Impact (or impact-to-date) of the project/activity for people with ID/DD and their families
One family member participating in the CRAG described how consistently using the same interpreters significantly improved the quality of the language interpretation, which made it easier to fully participate in the discussions. Another important impact of the CRAG has been the leadership development of CRAG members A parent commented in her phone interview: “Okay, I do consider myself [a leader]. Because I enjoy defending the rights of others. I want to fight for those who can’t. I want to be the voice of those who do not speak. I want to be the feet of those who don’t walk, the ears of those who can’t hear. I want to be their voice, I want to be everything for those who can’t. That’s why I want to be a leader, I want to be heard.”
Family of a person with ID/DD
What were things like BEFORE you/your family/partner/community participated in the project/activity?

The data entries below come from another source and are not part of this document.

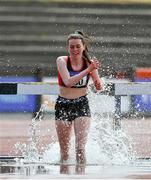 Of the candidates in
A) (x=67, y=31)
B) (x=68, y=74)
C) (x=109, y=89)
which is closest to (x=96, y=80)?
(x=68, y=74)

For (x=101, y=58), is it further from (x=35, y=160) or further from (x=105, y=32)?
(x=35, y=160)

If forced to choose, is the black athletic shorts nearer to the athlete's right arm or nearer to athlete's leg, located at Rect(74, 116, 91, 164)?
athlete's leg, located at Rect(74, 116, 91, 164)

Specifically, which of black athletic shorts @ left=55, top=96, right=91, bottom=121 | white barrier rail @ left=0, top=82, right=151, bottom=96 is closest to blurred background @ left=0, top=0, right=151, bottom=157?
white barrier rail @ left=0, top=82, right=151, bottom=96

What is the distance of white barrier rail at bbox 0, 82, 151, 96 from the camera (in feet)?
26.9

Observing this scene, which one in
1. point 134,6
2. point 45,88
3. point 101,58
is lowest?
point 45,88

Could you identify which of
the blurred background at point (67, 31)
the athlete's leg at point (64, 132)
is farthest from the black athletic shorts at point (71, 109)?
the blurred background at point (67, 31)

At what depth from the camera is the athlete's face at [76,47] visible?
6.98 meters

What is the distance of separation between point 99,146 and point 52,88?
1005 millimetres

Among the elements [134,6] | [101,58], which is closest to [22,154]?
[101,58]

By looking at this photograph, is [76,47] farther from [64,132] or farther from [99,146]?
[99,146]

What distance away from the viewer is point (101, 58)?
2005 cm

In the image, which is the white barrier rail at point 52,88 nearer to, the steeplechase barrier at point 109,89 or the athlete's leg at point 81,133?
the steeplechase barrier at point 109,89

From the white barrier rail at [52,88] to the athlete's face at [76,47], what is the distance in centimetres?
121

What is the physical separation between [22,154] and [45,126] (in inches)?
183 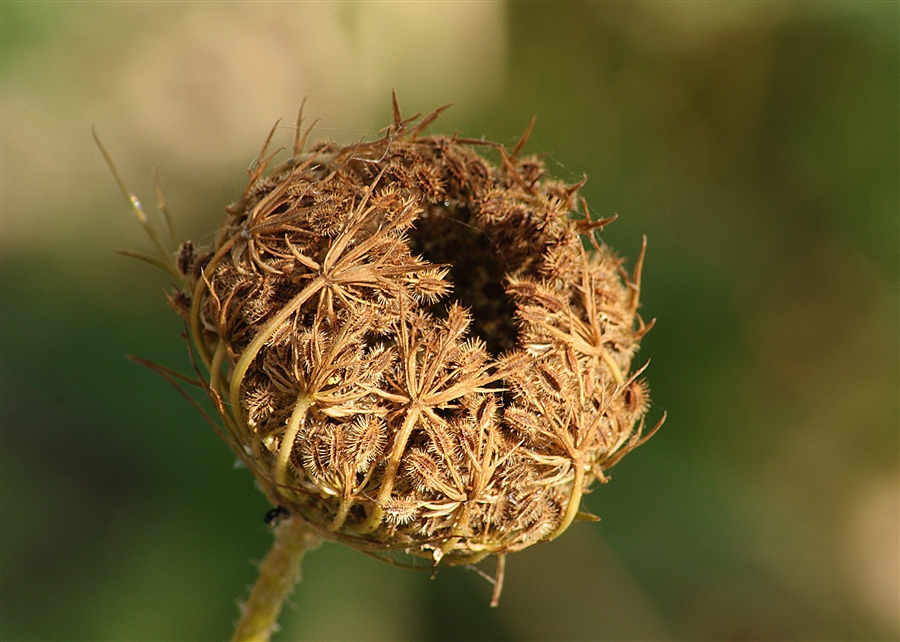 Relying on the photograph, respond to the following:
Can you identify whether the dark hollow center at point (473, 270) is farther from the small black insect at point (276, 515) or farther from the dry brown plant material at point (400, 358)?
the small black insect at point (276, 515)

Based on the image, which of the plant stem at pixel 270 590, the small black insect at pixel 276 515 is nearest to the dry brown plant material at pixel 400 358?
the small black insect at pixel 276 515

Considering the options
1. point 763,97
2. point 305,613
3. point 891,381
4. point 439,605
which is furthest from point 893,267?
point 305,613

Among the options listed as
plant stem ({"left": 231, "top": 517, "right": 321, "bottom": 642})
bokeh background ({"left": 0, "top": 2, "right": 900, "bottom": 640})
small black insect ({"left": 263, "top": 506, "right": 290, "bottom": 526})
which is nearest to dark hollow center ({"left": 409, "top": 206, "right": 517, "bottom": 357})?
small black insect ({"left": 263, "top": 506, "right": 290, "bottom": 526})

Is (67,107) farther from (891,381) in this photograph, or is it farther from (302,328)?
(891,381)

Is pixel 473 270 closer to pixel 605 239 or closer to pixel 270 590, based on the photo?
pixel 270 590

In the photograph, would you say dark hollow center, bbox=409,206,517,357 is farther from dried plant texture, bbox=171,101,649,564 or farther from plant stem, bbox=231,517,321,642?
plant stem, bbox=231,517,321,642

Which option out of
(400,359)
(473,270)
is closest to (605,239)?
(473,270) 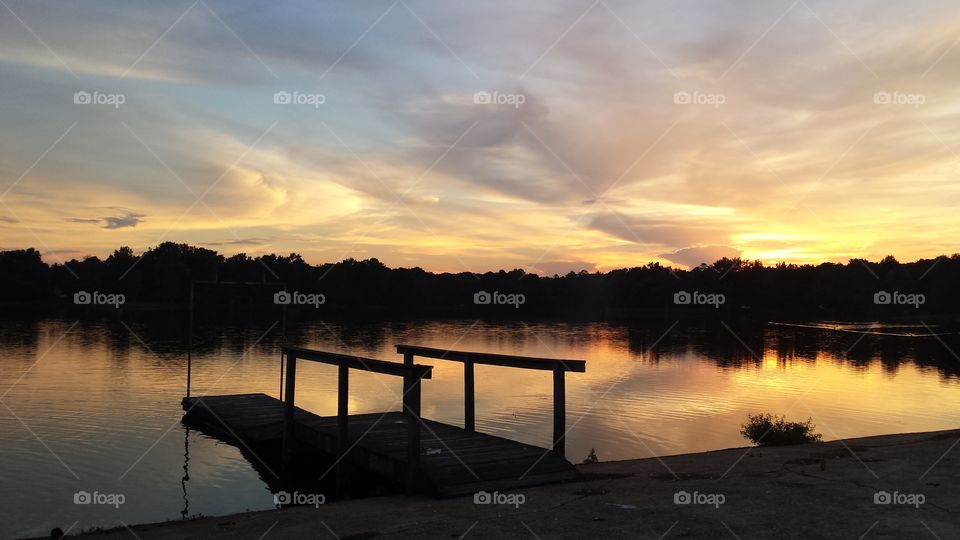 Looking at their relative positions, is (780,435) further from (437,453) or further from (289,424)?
(289,424)

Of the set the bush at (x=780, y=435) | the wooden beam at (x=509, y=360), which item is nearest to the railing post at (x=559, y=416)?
the wooden beam at (x=509, y=360)

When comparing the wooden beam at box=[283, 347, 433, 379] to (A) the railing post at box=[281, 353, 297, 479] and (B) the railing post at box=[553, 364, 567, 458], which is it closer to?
(A) the railing post at box=[281, 353, 297, 479]

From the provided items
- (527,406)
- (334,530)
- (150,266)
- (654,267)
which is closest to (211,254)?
(150,266)

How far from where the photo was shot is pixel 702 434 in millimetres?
21766

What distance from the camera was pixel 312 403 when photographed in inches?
1028

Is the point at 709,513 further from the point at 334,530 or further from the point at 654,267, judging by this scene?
the point at 654,267

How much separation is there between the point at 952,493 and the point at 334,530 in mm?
7963

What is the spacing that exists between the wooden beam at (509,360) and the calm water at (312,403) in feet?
14.6

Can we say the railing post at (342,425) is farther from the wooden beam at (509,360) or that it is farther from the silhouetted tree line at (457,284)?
the silhouetted tree line at (457,284)

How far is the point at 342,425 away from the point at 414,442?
9.94 ft

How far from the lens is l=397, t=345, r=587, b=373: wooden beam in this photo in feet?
35.7

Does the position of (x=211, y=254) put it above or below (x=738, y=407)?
above

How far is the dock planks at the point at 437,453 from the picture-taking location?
33.2ft

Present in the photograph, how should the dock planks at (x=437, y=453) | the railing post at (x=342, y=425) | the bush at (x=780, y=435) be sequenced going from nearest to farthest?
the dock planks at (x=437, y=453), the railing post at (x=342, y=425), the bush at (x=780, y=435) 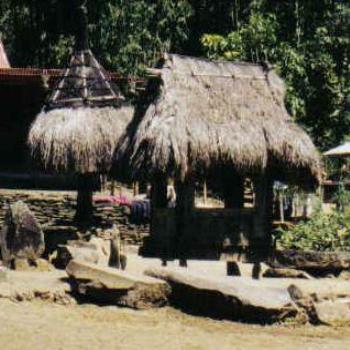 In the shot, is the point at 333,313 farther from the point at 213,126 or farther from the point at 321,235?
the point at 213,126

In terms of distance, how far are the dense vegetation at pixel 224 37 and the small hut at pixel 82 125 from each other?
4.37 meters

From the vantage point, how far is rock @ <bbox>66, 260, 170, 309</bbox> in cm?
951

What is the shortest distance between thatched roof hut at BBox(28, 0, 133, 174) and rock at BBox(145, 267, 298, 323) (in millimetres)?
5203

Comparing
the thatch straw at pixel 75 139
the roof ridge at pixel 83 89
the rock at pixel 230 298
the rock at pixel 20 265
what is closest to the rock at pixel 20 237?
the rock at pixel 20 265

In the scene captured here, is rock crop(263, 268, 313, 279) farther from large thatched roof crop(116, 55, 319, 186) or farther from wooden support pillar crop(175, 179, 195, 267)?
large thatched roof crop(116, 55, 319, 186)

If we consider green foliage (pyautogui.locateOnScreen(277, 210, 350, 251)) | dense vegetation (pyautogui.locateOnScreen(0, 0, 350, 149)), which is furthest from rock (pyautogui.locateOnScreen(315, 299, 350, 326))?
dense vegetation (pyautogui.locateOnScreen(0, 0, 350, 149))

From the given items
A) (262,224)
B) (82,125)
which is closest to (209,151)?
(262,224)

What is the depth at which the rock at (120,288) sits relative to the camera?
9.51 meters

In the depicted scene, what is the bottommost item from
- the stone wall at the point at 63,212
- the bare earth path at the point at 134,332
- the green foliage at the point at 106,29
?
the bare earth path at the point at 134,332

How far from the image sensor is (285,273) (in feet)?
35.9

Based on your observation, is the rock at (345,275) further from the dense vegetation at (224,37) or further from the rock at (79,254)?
the dense vegetation at (224,37)

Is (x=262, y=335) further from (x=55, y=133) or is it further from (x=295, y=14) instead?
(x=295, y=14)

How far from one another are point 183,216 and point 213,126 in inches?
55.4

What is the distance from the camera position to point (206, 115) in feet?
39.7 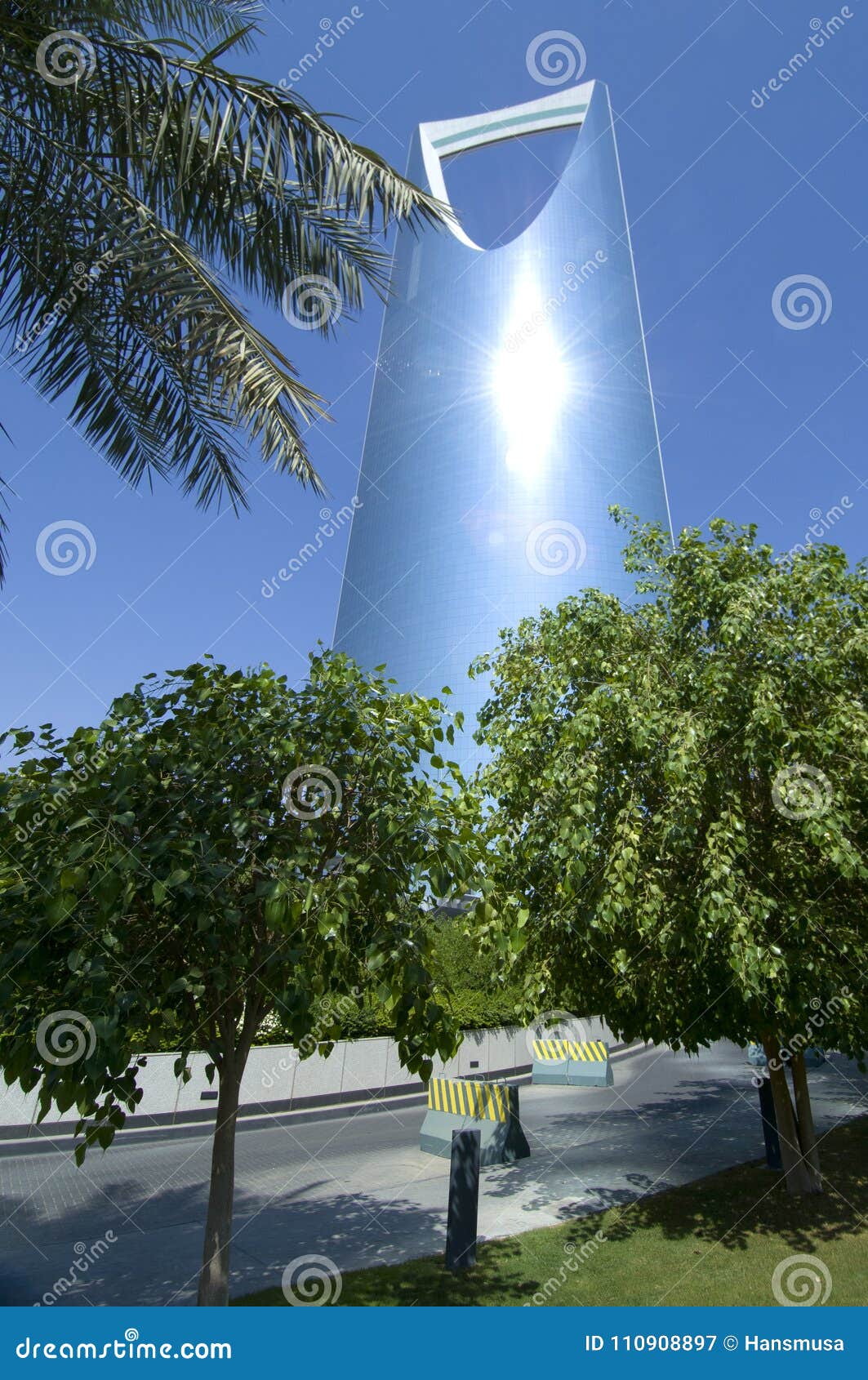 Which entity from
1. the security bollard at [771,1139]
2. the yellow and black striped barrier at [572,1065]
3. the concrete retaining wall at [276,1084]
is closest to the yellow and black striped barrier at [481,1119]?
the concrete retaining wall at [276,1084]

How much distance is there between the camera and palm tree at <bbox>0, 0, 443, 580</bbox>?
5.74 metres

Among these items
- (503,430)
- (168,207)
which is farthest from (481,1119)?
(503,430)

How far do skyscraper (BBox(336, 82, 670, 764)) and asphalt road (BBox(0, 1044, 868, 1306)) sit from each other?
149 feet

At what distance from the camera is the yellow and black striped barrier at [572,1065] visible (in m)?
18.5

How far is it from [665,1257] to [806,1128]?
259 cm

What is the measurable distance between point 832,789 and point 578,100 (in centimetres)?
9213

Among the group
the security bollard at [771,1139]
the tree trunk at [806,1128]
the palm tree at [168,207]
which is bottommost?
the security bollard at [771,1139]

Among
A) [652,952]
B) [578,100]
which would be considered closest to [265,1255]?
[652,952]

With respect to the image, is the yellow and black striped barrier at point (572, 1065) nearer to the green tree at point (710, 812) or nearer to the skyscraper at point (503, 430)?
the green tree at point (710, 812)

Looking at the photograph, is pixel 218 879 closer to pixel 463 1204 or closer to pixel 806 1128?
pixel 463 1204

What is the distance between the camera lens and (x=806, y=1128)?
29.1 feet

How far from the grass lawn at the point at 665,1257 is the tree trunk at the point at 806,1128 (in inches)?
7.9

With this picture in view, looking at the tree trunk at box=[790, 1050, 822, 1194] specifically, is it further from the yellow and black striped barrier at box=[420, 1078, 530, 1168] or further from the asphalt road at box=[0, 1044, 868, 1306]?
the yellow and black striped barrier at box=[420, 1078, 530, 1168]

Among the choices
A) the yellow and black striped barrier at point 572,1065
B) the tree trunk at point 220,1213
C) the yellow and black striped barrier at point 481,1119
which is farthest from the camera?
the yellow and black striped barrier at point 572,1065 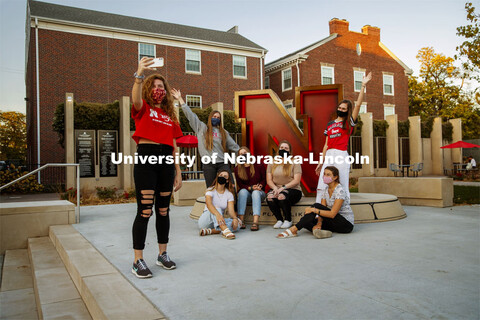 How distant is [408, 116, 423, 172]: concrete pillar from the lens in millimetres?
26516

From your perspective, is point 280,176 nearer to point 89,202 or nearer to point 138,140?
point 138,140

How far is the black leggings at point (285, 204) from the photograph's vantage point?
6055 millimetres

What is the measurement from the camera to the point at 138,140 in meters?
3.65

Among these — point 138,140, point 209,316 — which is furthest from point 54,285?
point 209,316

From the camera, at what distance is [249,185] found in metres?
6.52

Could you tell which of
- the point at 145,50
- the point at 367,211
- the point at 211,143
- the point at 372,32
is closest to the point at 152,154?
the point at 211,143

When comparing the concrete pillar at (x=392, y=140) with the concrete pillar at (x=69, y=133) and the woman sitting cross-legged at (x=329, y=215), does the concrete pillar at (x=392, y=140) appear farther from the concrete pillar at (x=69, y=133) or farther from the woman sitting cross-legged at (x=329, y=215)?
the woman sitting cross-legged at (x=329, y=215)

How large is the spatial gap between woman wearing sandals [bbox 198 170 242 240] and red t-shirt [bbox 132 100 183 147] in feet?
6.94

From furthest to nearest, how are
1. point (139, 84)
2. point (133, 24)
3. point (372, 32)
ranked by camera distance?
point (372, 32) < point (133, 24) < point (139, 84)

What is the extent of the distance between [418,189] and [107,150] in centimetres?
1438

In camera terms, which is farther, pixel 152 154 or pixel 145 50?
pixel 145 50

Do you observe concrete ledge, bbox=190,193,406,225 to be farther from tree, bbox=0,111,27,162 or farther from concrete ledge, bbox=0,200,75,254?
tree, bbox=0,111,27,162

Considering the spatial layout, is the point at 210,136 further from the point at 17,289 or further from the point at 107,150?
the point at 107,150

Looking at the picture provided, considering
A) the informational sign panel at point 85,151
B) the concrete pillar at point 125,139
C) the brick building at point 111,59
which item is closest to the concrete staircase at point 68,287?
the concrete pillar at point 125,139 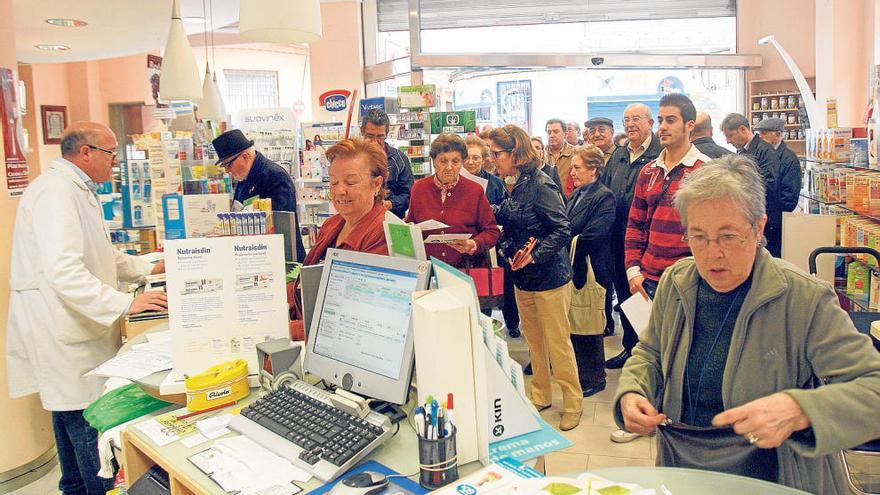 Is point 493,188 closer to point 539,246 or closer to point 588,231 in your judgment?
point 588,231

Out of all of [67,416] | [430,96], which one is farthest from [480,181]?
[67,416]

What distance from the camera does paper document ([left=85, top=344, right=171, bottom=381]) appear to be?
7.57 feet

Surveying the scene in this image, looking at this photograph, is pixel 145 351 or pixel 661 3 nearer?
pixel 145 351

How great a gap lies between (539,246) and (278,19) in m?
1.83

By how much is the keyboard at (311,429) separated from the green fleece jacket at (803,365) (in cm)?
86

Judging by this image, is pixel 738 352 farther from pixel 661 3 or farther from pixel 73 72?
pixel 73 72

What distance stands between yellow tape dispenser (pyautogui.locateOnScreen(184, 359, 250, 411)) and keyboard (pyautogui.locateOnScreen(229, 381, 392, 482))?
6.0 inches

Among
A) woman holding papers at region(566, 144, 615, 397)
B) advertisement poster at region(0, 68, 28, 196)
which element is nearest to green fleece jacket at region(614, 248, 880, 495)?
woman holding papers at region(566, 144, 615, 397)

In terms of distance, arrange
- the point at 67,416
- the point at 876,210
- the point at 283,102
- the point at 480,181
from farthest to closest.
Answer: the point at 283,102
the point at 480,181
the point at 876,210
the point at 67,416

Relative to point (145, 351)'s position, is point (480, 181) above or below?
above

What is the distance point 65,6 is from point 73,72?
25.3 feet

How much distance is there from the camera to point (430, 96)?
7.23 meters

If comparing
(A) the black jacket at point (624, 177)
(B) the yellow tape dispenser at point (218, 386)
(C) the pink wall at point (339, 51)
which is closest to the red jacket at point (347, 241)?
(B) the yellow tape dispenser at point (218, 386)

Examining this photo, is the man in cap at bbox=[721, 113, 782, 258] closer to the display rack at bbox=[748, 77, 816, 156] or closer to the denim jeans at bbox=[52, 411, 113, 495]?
the display rack at bbox=[748, 77, 816, 156] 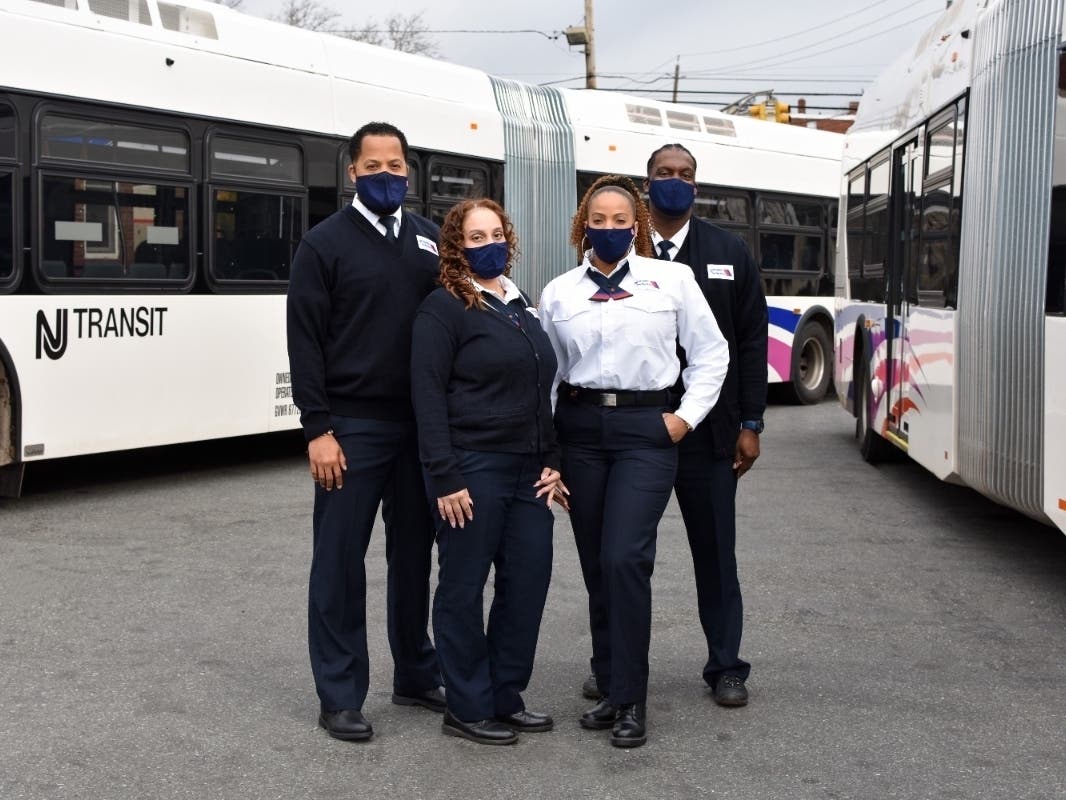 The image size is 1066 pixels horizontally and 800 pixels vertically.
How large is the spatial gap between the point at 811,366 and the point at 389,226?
44.5 ft

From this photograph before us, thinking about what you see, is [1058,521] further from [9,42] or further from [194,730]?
[9,42]

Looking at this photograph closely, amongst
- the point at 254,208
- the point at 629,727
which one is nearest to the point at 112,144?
the point at 254,208

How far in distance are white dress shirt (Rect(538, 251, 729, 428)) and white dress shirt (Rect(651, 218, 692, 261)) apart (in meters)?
0.23

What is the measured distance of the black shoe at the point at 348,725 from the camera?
4.84 m

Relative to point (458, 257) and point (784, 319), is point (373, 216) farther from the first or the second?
point (784, 319)

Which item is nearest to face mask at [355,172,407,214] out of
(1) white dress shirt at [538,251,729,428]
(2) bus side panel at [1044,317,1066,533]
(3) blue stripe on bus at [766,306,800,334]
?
(1) white dress shirt at [538,251,729,428]

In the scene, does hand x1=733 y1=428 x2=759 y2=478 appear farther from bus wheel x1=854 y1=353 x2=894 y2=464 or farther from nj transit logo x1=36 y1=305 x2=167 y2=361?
bus wheel x1=854 y1=353 x2=894 y2=464

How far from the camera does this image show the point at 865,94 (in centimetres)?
1287

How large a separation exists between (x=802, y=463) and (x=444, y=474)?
316 inches

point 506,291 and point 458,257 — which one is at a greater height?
point 458,257

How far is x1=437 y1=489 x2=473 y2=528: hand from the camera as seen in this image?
4.68 meters

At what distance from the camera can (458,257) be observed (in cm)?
480

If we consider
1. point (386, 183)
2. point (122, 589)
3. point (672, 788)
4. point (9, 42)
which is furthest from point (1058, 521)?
point (9, 42)

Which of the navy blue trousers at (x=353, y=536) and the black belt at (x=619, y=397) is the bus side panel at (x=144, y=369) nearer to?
the navy blue trousers at (x=353, y=536) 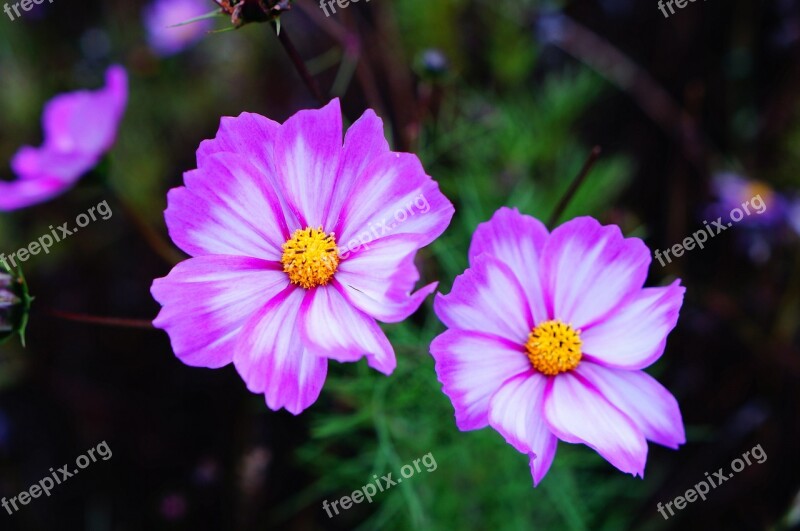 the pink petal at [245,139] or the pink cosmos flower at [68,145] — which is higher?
the pink cosmos flower at [68,145]

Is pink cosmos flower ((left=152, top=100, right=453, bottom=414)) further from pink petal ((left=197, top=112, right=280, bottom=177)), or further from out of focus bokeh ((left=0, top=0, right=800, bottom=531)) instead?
out of focus bokeh ((left=0, top=0, right=800, bottom=531))

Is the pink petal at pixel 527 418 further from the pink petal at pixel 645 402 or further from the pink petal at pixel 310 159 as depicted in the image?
the pink petal at pixel 310 159

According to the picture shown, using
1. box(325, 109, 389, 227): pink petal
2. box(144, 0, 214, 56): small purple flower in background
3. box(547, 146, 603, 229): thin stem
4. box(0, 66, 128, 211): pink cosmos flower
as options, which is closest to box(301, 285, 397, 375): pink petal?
box(325, 109, 389, 227): pink petal

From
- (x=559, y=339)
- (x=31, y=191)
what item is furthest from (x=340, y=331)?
(x=31, y=191)

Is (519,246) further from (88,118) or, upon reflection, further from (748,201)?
(748,201)

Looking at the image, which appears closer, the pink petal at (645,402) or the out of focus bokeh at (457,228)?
the pink petal at (645,402)

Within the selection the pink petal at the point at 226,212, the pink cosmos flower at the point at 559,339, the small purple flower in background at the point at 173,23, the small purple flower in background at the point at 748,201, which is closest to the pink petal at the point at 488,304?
the pink cosmos flower at the point at 559,339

“I feel that the interpretation was not so good in the past and the sense of what I wanted to say or ask was lost during the interpretation.” – CRAG Member
What are things like AFTER you/family/partner/community participated in the project/activity?
“…consistently using the same interpreters significantly improved the quality of the language interpretation, which made it easier to fully participate in the discussions”
What was most beneficial to you/family/partner/community from participating in this project or practice?
“I think that the interpretation is very good now because the interpreters have a lot of knowledge on the subject that is being talked about.”
Role of the DD Council in achieving positive outcomes through this project.
Miguel Juarez is the Program Specialist who works with the CRAG.